Readout sensors: sensor.r730_fan_command_display ("Fan set point", "X % (Y rpm)"),
sensor.r730_expected_equilibrium_temp (predicted equilibrium at current load),
sensor.r730_cpu_load, sensor.r730_fan_speed_avg (mean of 6 fans),
sensor.r730_fan_power_avg (cube-law estimate). The Prometheus-backed REST
sensors live in rest_resources/idrac_redfish_exporter.yaml on ha-sofia and have
value-template fallbacks so they don't blink unavailable on a transient empty.
Actuator (host) — what the daemon does
Loop every ~15 s, using only the existing IPMI + HA-REST methods:
- read
command%from HA (/api/states/$COMMAND_ENTITY), validate (numeric + not stale >STALE_SECS); - apply it via
ipmitool raw 0x30 0x30 0x02 0xff 0x<NN>(writes only if the change clearsMIN_STEP); - read CPU temp + fan rpm for safety + telemetry (Pushgateway).
Anti-flap: on a missing/stale command it holds the last applied % for up
to HA_GRACE_SECS (300 s) instead of falling back; only sustained loss hands the
fans to Dell auto.
Safety (on the host, independent of HA)
CPU ≥ CEILING (83 °C), repeated IPMI failures, sustained HA loss, or daemon
stop/crash → hand the fans back to Dell auto (raw 0x30 0x30 0x01 0x01;
EXIT trap + systemd ExecStopPost). The 83 °C ceiling uses the daemon's own
IPMI temp read, so it protects even if HA is wrong/unreachable.
Quick status
ssh root@192.168.1.127 systemctl status fan-control
ssh root@192.168.1.127 'journalctl -u fan-control -n 30 --no-pager'
Log line: temp=64C cmd=49% rpm=9380 (was -1%) (cmd = the % read from HA and
applied). HA command miss — holding 49% = a transient HA blip being ridden out;
HA command lost (...) — Dell auto = sustained loss.
Tune
The whole curve (anchors + bias + hysteresis) is tuned live from the HA
dashboard — no host access needed. /etc/fan-control.env only holds the
actuator plumbing + safety knobs (COMMAND_ENTITY, STALE_SECS, HA_GRACE_SECS,
MIN_STEP, CEILING); edit it then systemctl restart fan-control.

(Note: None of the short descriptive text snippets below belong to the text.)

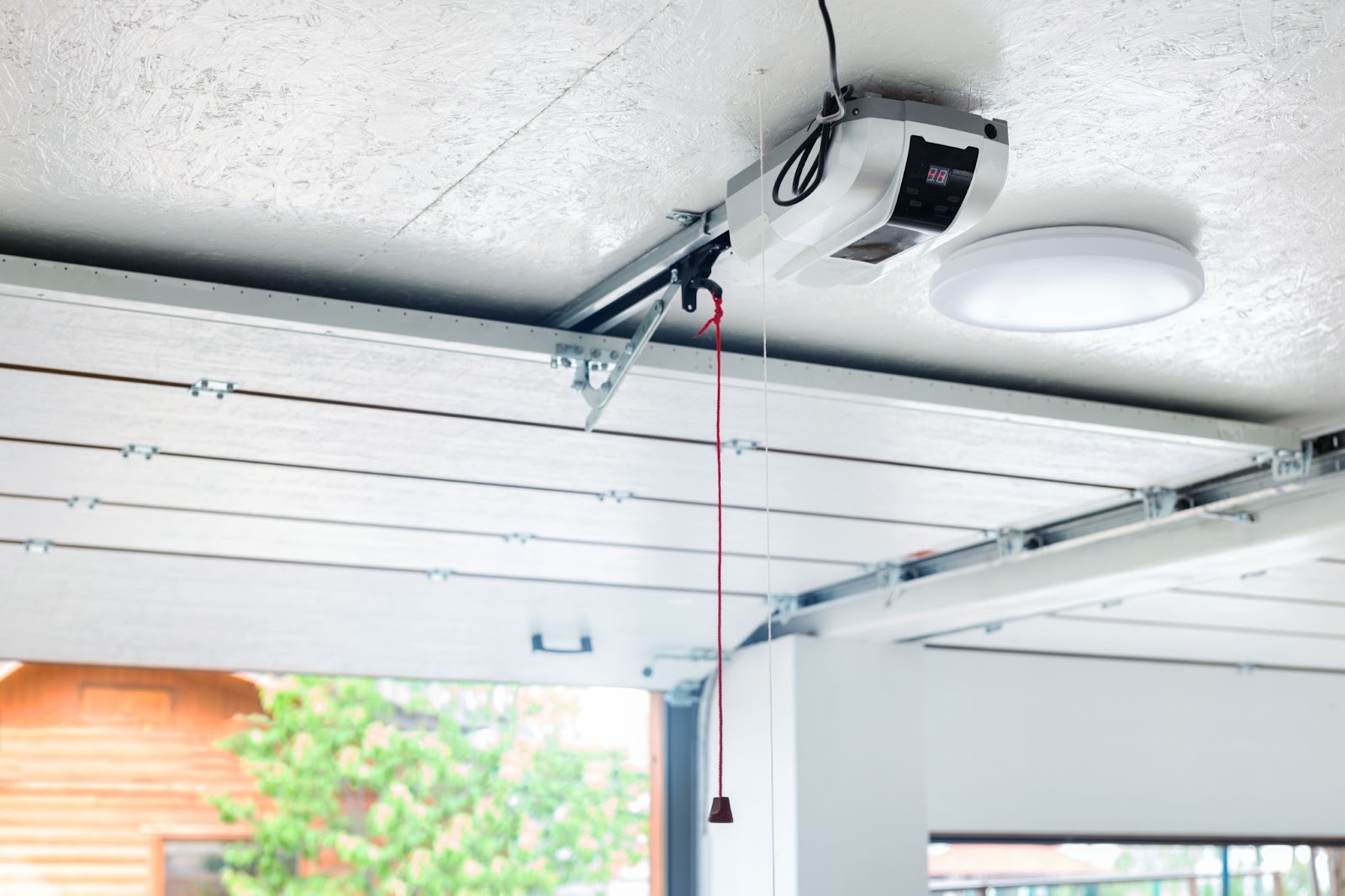 A modern garage door opener with remote control for new, insulated garage door.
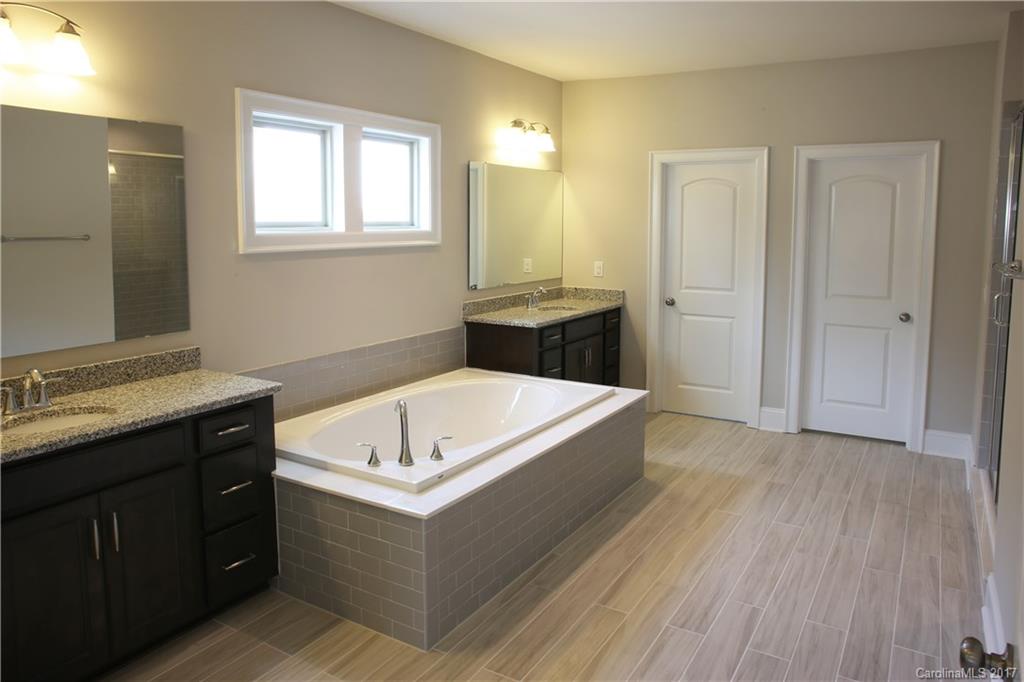 1532 Afton Way, Unit 168 Fort Mill, SC 29708 - Photo 8 of 19 a bathroom with a tub a sink and a mirror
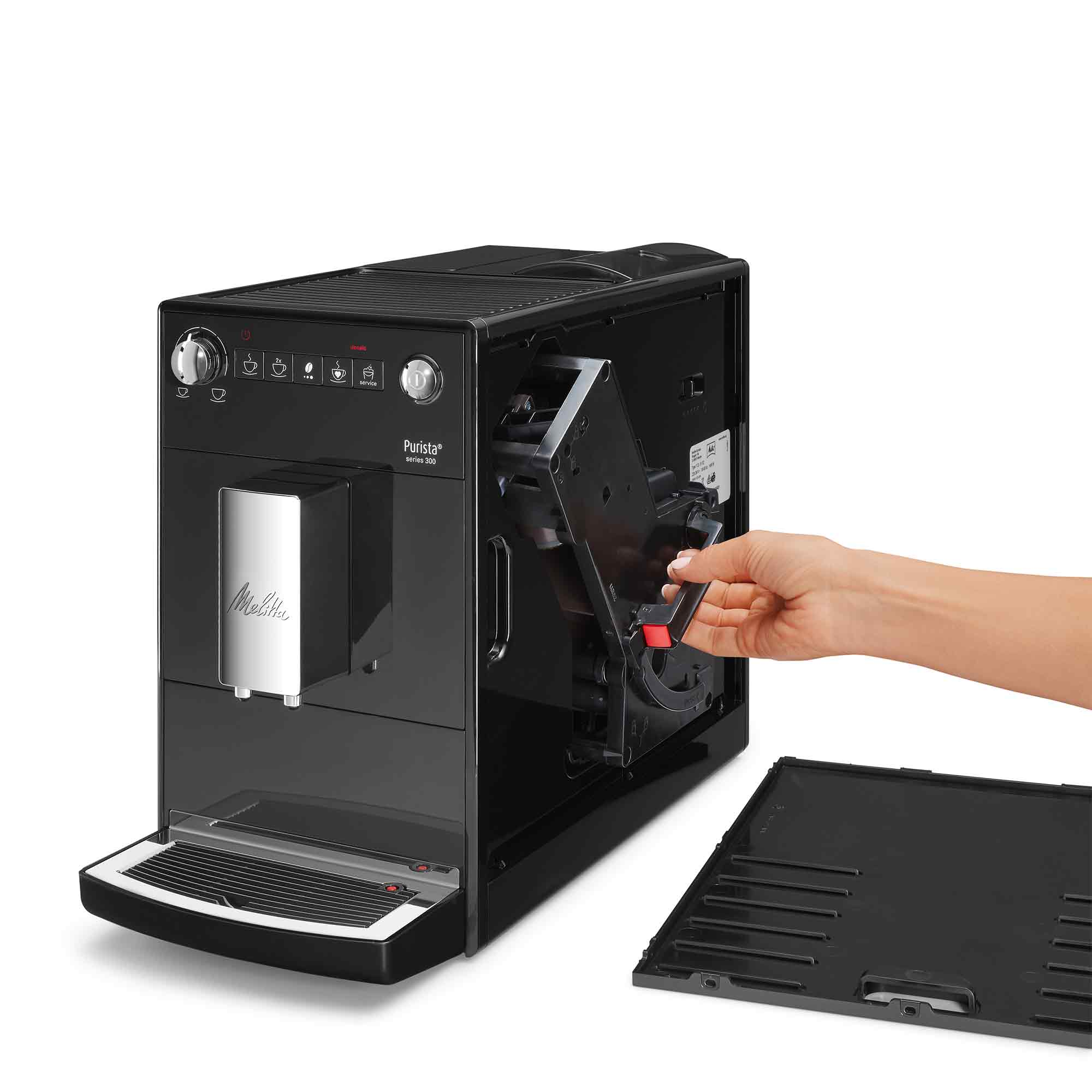 Una mano estrae l'unità erogatrice da una macchina da caffè Melitta nera.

Deploy / update (daemon source)
scp -i ~/.ssh/pve_root scripts/fan-control.sh root@192.168.1.127:/tmp/fan-control.new
ssh -i ~/.ssh/pve_root root@192.168.1.127 'install -m0755 /tmp/fan-control.new /usr/local/bin/fan-control && systemctl restart fan-control'
(fan-control.service only on a unit change → also systemctl daemon-reload.)
Symptoms & checks
| Symptom | Check |
|---|---|
| Fans surge then crash to ~7100 then surge | flapping to Dell auto — journalctl -u fan-control | grep -E 'holding|Dell auto'; pre-2026-06-15 this was the stale-command bug (now fixed). |
| Fans stuck loud | journalctl — CEILING breach or HA command lost? Check CPU temp + HA reachability. |
A readout blinks unavailable |
the REST value-template fallback should hold it; a 1×/8h blip at ~02:00 (backup window) is a benign fetch hiccup. |
| Slider changes ignored | does sensor.r730_fan_command_pct change in HA? token valid? |
| Box left in manual after crash | ipmitool raw 0x30 0x30 0x01 0x01 to force Dell auto. |
Verify wiring
ssh -i ~/.ssh/pve_root root@192.168.1.127 'set -a; . /etc/fan-control.env; set +a; RUN_ONCE=1 /usr/local/bin/fan-control'
The log cmd=% should equal sensor.r730_fan_command_pct. Move a slider so the
HA sensor changes, re-run, and the applied cmd=% should follow.